No me gustan las artes marciales mixtas y me resulta indiferente el hispanogeorgiano. No obstante, es un fenómeno nacional, una histeria tuitera con la bendición de las audiencias y espacio franco reservado en los informativos. No se puede andar por la vida como si no existiera. El boxeo ya no arrastra pasiones, salvo detrás de las bambalinas y de la tramoya. El pugilismo encierra el encanto de las causas perdidas. Lo atractivo era la historia detrás del boxeador, el olor a linimento y a virutas de humo de puro procedente de los asientos vip, el griterío de la masa, la soledad del púgil, la adolescencia difícil que parecía aunar a todos en un mismo perfil alrededor de la desgracia. Al final tocaba contar la historia del juguete roto en que mutaban los ídolos de barro, repudiados de ese escenario de turbiedad a la siciliana que rodeaba a muchos grandes campeones con el rostro convertido en una pepperoni, como la que se le quedaba a Rocky tras pelear con Apollo.

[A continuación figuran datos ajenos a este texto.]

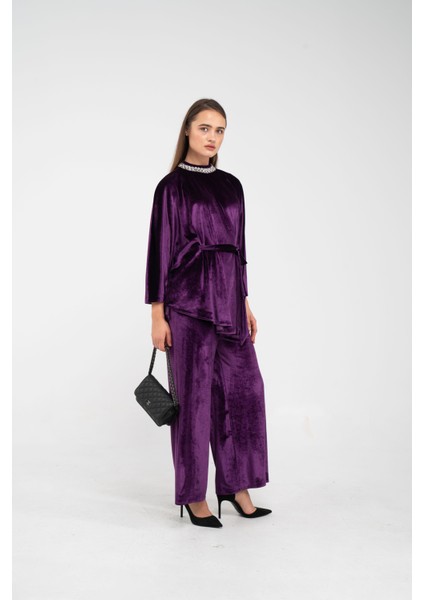 Taş Detaylı Kuşaklı Kadife Takım K8049 fırsatları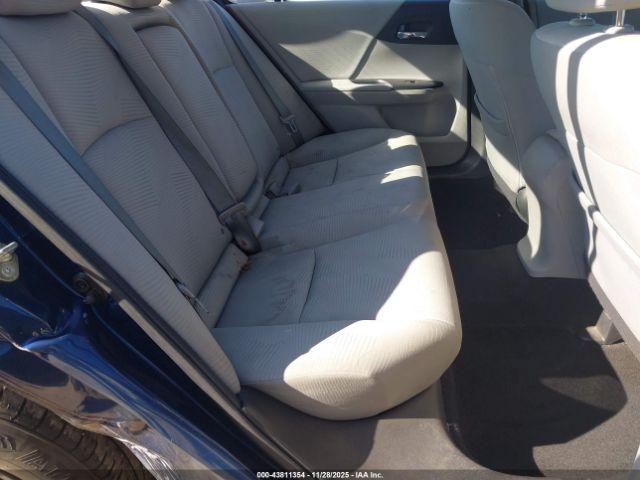 Honda Accord Lx Image 12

Pulsa para ver más contenido para ti

Al contrario de lo que ocurrió con el boxeo (diarios generalistas que mutean los combates, cadenas de televisión que un día dejaron de emitirlos), los woke de la izquierda exquisita han puesto media sordina a la exhibición de artes marciales mixtas. El club de la lucha. La profecía distópica de Chuck Palahniuk. Tiempos nuevos. Qué historia no habrá detrás de un tipo dispuesto a que le partan la cara ante millones de telespectadores. Presiento que esa violencia extrema solo representa las bondades del deporte mientras tiene lugar la fase de entrenamiento, de preparación, las horas frente al saco y los asaltos con los sparring. Actividad deportiva o espectáculo extremo. Hay deportes que dejan de serlo cuando los luchadores saltan a una jaula para atizarse y el suelo de la gayola comienza a mancharse de sangre. No sé si ahí acaba el deporte, pero estoy seguro de que empieza otra cosa, dos tipos machacándose a golpes, rompiéndose cosas, empleando codos y rodillas contra costillas y caras. La sangre brotando y arrasando en audiencias. Ya no hay luchadores que se llamen Sugar Ray. Hay reyes del ring y del streaming en el circo de gladiadores del siglo XXI. Para oficializar la sangría, el espectáculo acaba en victoria con un beso en la cabeza de un rey sin corona.